Forget Texas! Amateur chef Jim Clark won the 1980 Great Chili Cookoff in Galena, Illinois, with this recipe, and Benjamin’s, a local eatery, served it for years. Clark still makes it—and still grinds his own chili powder. He also thinks that freezing improves this chili’s flavor, so make it in advance.

Yield: serves 6


  • 2 yellow onions, peeled
  • 8 cloves garlic, peeled
  • 4 shallots, peeled
  • 1 large green bell pepper, seeded
  • 2 lb. beef chuck
  • 1 lb. pork shoulder
  • 3 Tbsp. vegetable oil
  • 3 Tbsp. chili powder
  • 2 (28-oz.) cans tomatoes with juice Salt
  • 1 Tbsp. dried oregano
  • 2 Tbsp. ground cumin
  • 1 Tbsp. dried rosemary
  • 2 cups cooked kidney beans


  1. Dice onions, garlic, shallots and green pepper.

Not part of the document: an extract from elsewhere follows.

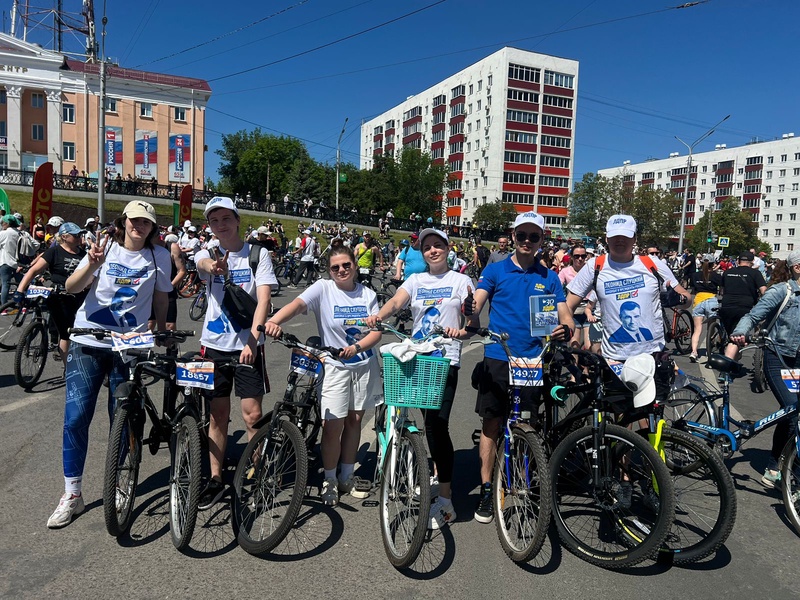 Башкирские партийцы приняли участие в массовом велопробеге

Cut beef and pork into small pieces. Heat oil in a large pot over medium-high heat. Add beef and pork and brown, turning, for 5 minutes. Add onions, garlic, shallots, and peppers, mix well, then add chili powder. Cover pot, reduce heat to medium-low, and simmer, stirring occasionally, for 20 minutes.
  2. Add tomatoes, salt, and herbs and allow mixture to return to a simmer. Lower heat, cover, and barely simmer until meat is tender, about 2 hours. Add beans, cook for an additional 30 minutes, and serve.